For 500 years we have been living in the Gutenberg age, but we are now returning to an oral age, a new audio age where people will primarily get information and knowledge from the human voice. With Lyceum we’re hoping to catalyze a revolution in learning by making it easier than ever to learn anything in a way that fits your life. Whether you’re doing dishes, walking the dog, folding laundry, or sitting in a terrible I-15 traffic jam, educational podcasts can help you become a more rich and flourishing and wise human.
Interview conducted by Janika Isakson Dillon (BA ’95, MA ’98, MOB ’98).
Get Smarter with These Podcasts
Zachary Davis is the creator of the Ministry of Ideas podcast, but he’s also an avid listener. And as part of Hub & Spoke, a collective of independent high-quality, story-driven podcasts mostly created in Boston, he rubs shoulders with other makers of thought-provoking audio. Here are some of his favorite educational podcasts from Hub & Spoke and beyond:
• The Lonely Palette:In each episode host Tamar Avishai picks a painting, interviews unsuspecting museumgoers, and delves into the art history behind it.

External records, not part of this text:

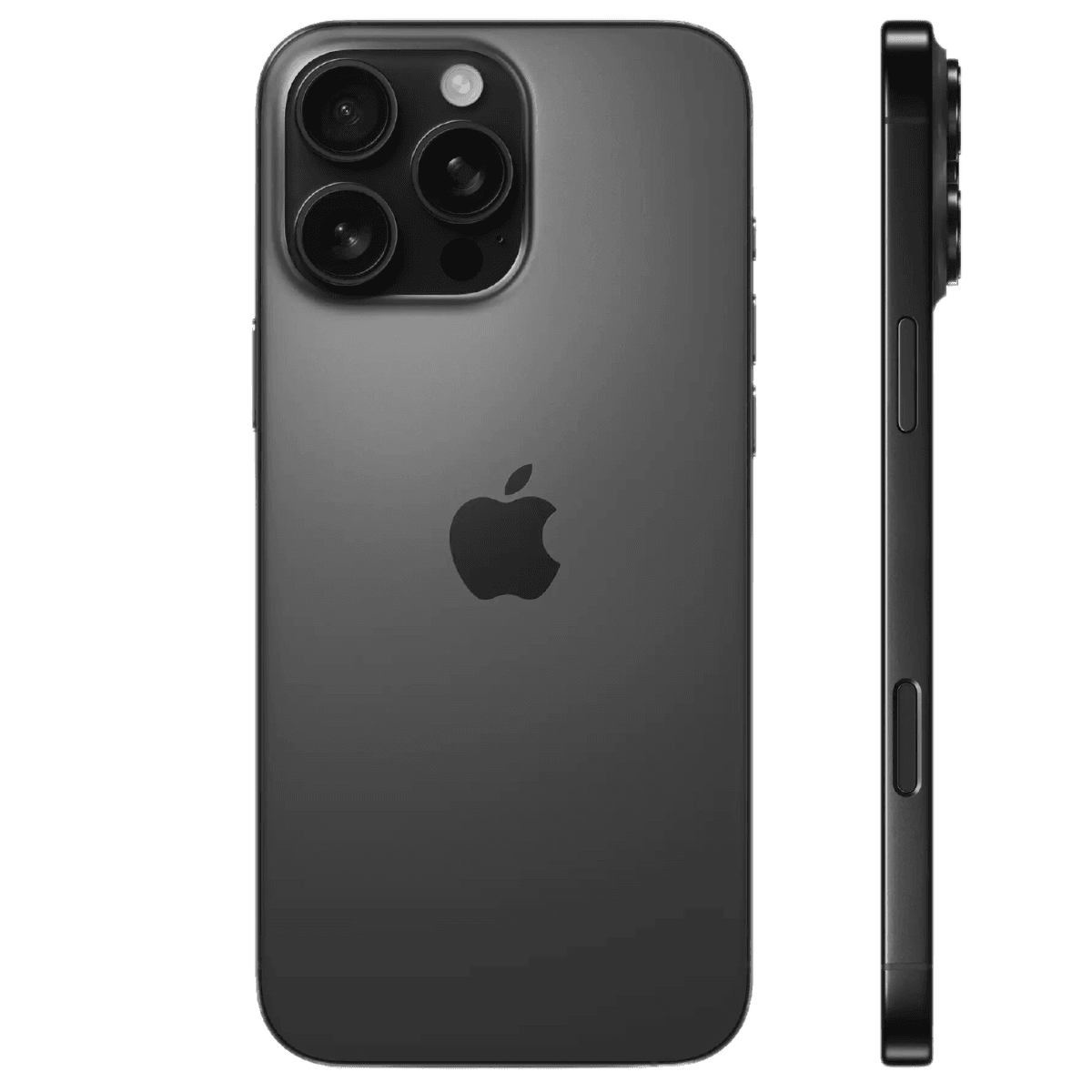 Buy a Apple iPhone 16 Pro | Unlocked Brand New Black Titanium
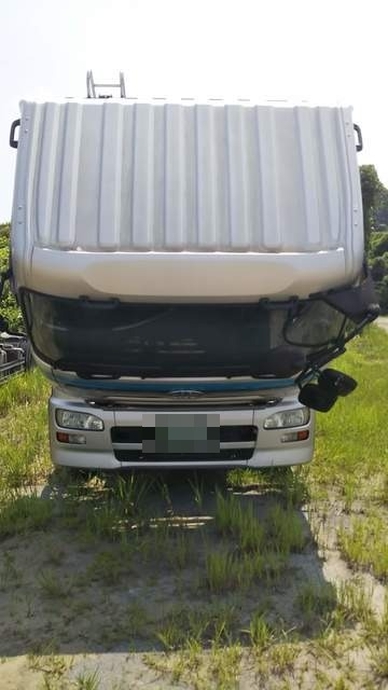 UDトラックス（日産） クオン 大型 トラクタ PKG-GK4XAD(3570) 20枚目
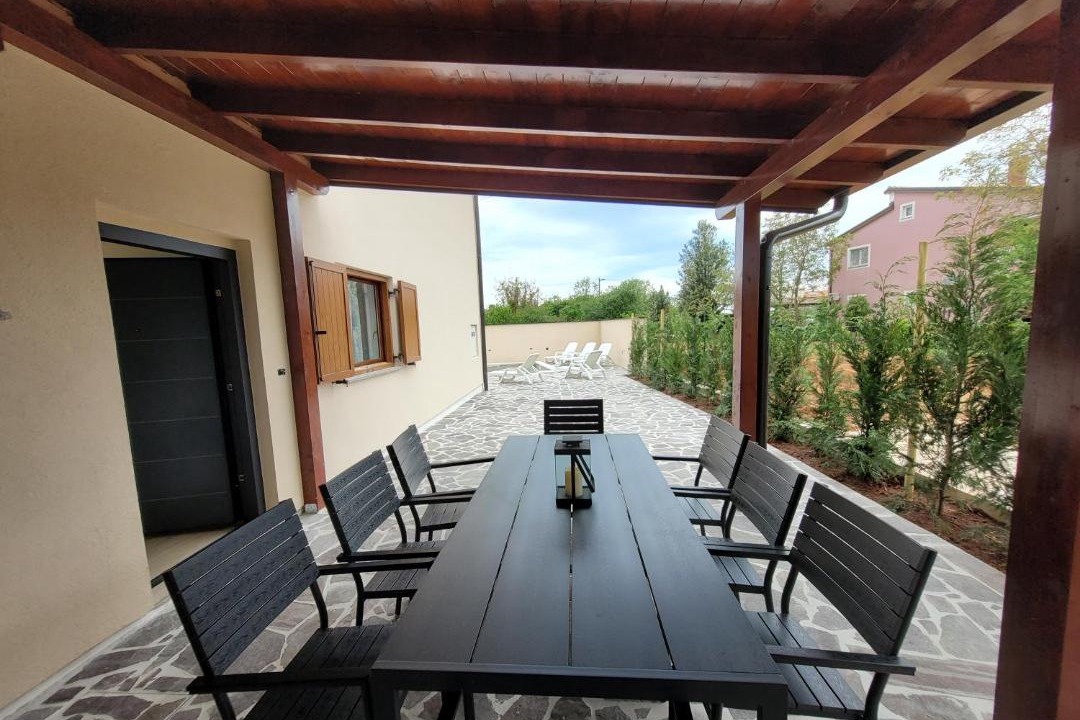 Photo of Patio Balcony in Petrovija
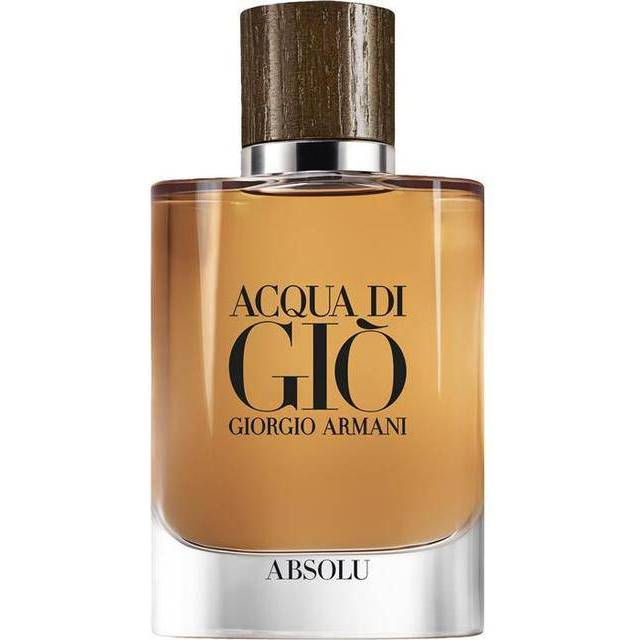 Giorgio Armani Acqua Di Gio Absolu EdP 75ml - gavehylden.dk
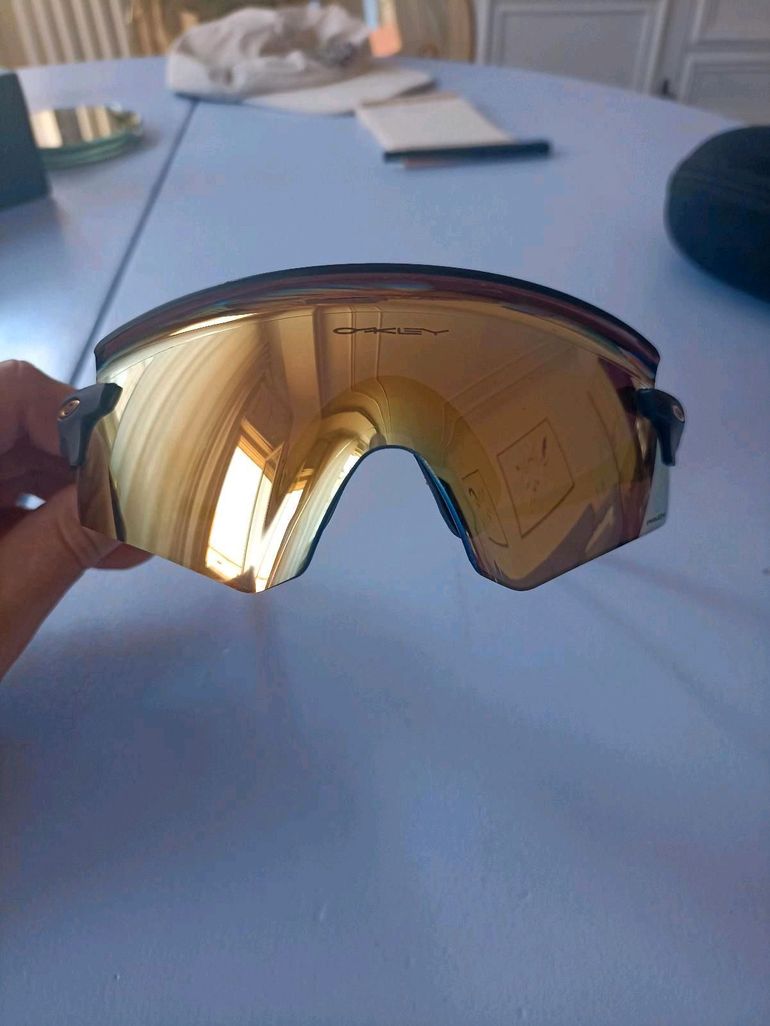 Używany Oakley Encoder 2025 bike — zdjęcie 1 z 8
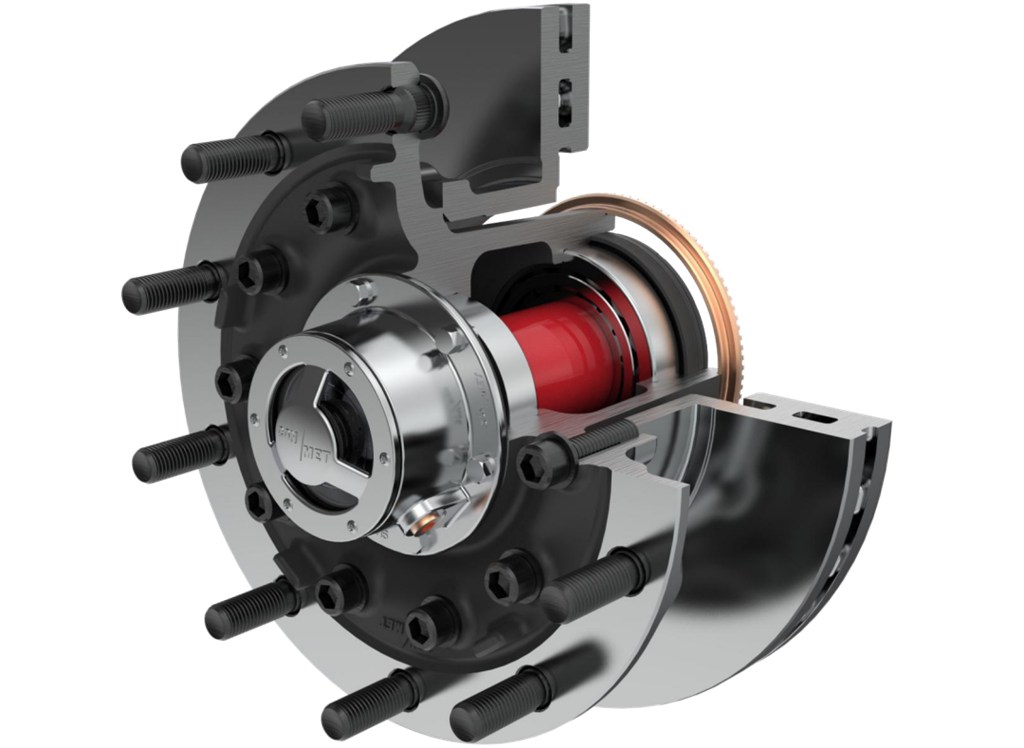 轮端安全无小事：康迈走进重庆中通，共筑安全防线 - 第5张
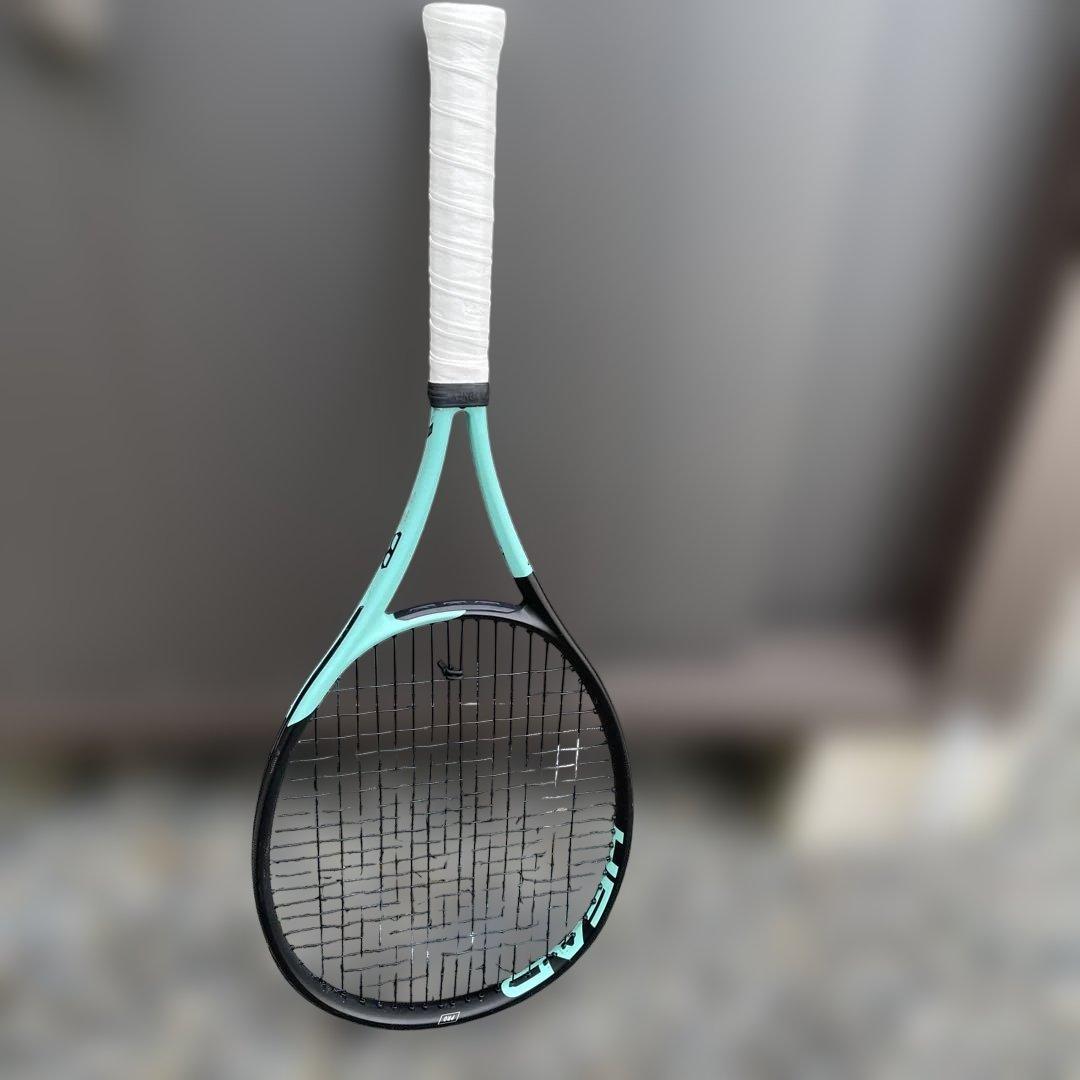 tom　　HEAD BOOM PRO [美品]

•Soonish: Tech journalist Wade Roush lucidly explains how tech is changing our world and how we have more agency over those changes than we sometimes think.
• The Constant: Chicago-based playwright Mark Chrisler presents sometimes comical, sometimes tragic notes from the history of getting things wrong.
• Literature and History: In what Davis calls “perhaps the greatest educational podcast,” Doug Metzger explores Anglophone literature and its roots, from ancient times to the present.
• 99% Invisible: Host Roman Mars reveals the thought that goes into things we don’t think about, the architecture and design that shape our experience in the world.
• Living with the Gods: Produced in partnership with the British Museum, in this BBC daily podcast Neil MacGregor explores the function of shared beliefs in various world communities.